A study of backlinko said that the average number 1 documents on Google has 1.890 words. With my (much smaller) dataset, I cannot reproduce this. But let’s look at a plot first.
plot(dataset$position,dataset$content_word_count, main="Number of words in document and ranking position", xlab = "Position in SERP", ylab = "Number of words")
Looks like we cannot draw a line here.
cor.test(dataset$position,dataset$content_word_count)
##
## Pearson's product-moment correlation
##
## data: dataset$position and dataset$content_word_count
## t = -0.49707, df = 4944, p-value = 0.6192
## alternative hypothesis: true correlation is not equal to 0
## 95 percent confidence interval:
## -0.03493254 0.02080510
## sample estimates:
## cor
## -0.007069213
The test did not deliver results either. So let’s look at the raw data:
summary(dataset$content_word_count)
## Min. 1st Qu. Median Mean 3rd Qu. Max.
## 1.0 77.0 273.0 690.3 839.0 140910.0
The “average” document has 690 words but the median is at 273 words; unfortunately, backlinko did not disclose what “average” they used. Also, they did not disclose how they got the keyword count. For this study, Python’s BeautifulSoup was used for scraping and extracting the content. I have also only looked at documents in Germany so maybe more words are used in the US. But this seems to be unlikely. So let’s look at number 1 documents only:
summary(dataset$content_word_count[dataset$position==1])
## Min. 1st Qu. Median Mean 3rd Qu. Max.
## 1.00 98.75 313.00 640.53 733.75 10469.00
The mean is lower whilst the median is higher. Looks like there is something in there, right?
summary(dataset$content_word_count[dataset$position==11])
## Min. 1st Qu. Median Mean 3rd Qu. Max.
## 1.0 201.2 565.5 848.0 1222.8 4288.0
But if I write a bit more, then it seems to be more likely for me to get to position 11. In other words, writing more does not mean that I will get higher on the Google SERP. Let’s look at a log(wordcount):
boxplot(log(content_word_count)~position, data = dataset)
To sum up, in my small dataset, I cannot conclude that writing more will bring you to a higher position on a Google results page.

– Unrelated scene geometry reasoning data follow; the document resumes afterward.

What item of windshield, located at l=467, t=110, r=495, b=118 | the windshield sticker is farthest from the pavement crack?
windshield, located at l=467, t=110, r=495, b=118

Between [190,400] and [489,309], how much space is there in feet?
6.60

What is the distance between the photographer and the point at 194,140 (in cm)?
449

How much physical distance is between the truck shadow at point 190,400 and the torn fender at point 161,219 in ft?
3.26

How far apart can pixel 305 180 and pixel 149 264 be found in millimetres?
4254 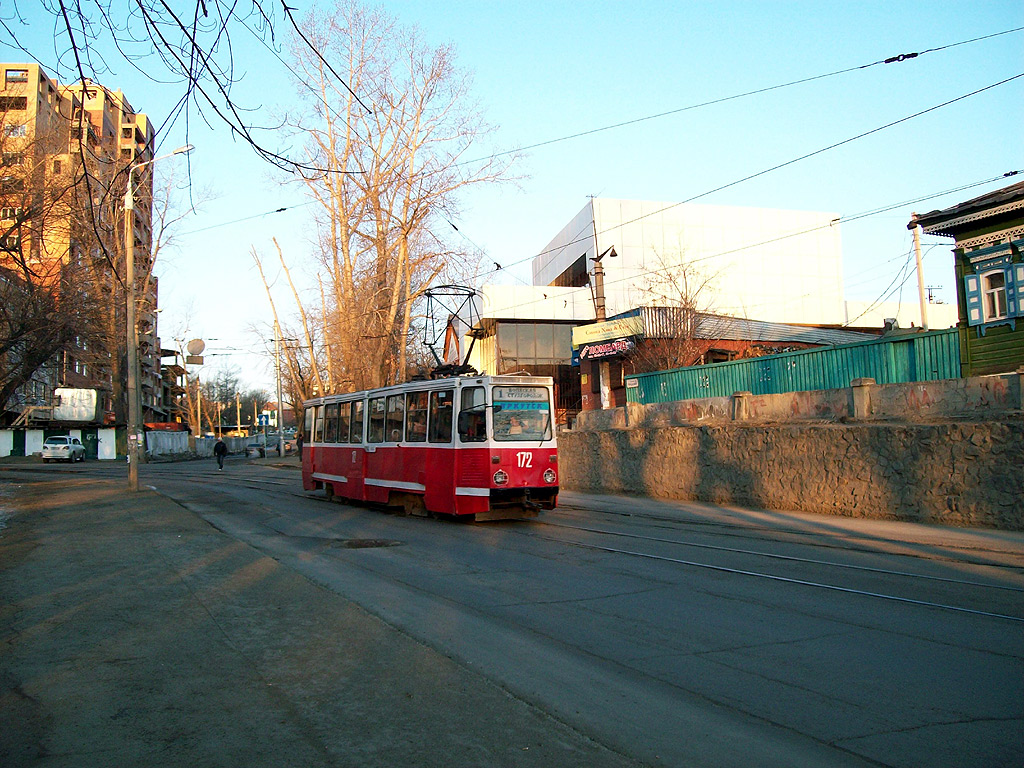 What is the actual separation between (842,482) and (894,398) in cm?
Result: 208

And I cannot reproduce the number from backlinko.
WDF/IDF has been one of the hottest things for many SEOs in the last years, so what if we look at exact match WDF/IDF?
plot(dataset$position,dataset$content_wdf_idf)

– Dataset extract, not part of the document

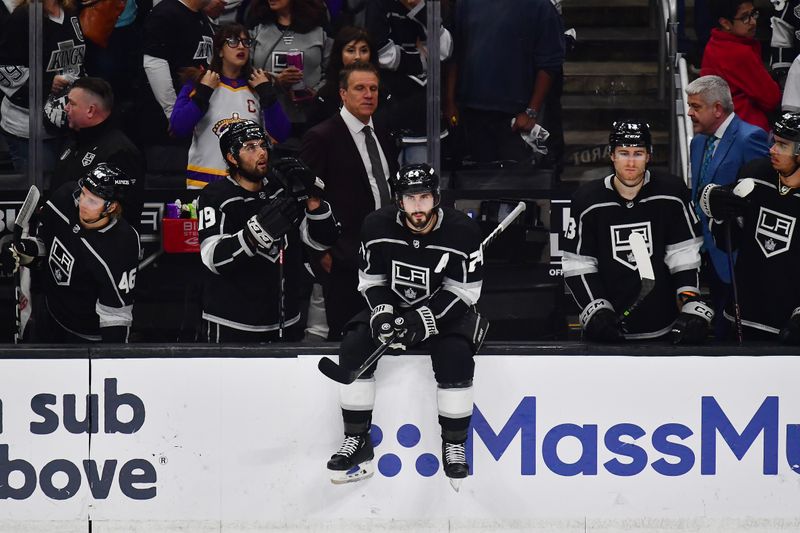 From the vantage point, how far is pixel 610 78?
7727 mm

Does not look like we can see a pattern here.
cor.test(dataset$position,dataset$content_wdf_idf)
##
## Pearson's product-moment correlation
##
## data: dataset$position and dataset$content_wdf_idf
## t = -1.0225, df = 4745, p-value = 0.3066
## alternative hypothesis: true correlation is not equal to 0
## 95 percent confidence interval:
## -0.04327262 0.01361174
## sample estimates:
## cor
## -0.01484245
And our test also does not come to a result. Based on this data, I would be hesitant to recommend WDF/IDF, also because we are missing all the stemming and other linguistic methods applied to text.
Mainly because ranking is dynamic. Not for all documents, backlink data is available, and in such cases, other ranking signals become more dominant. So we may want to find out where a ranking signal is a statistically reliable signal.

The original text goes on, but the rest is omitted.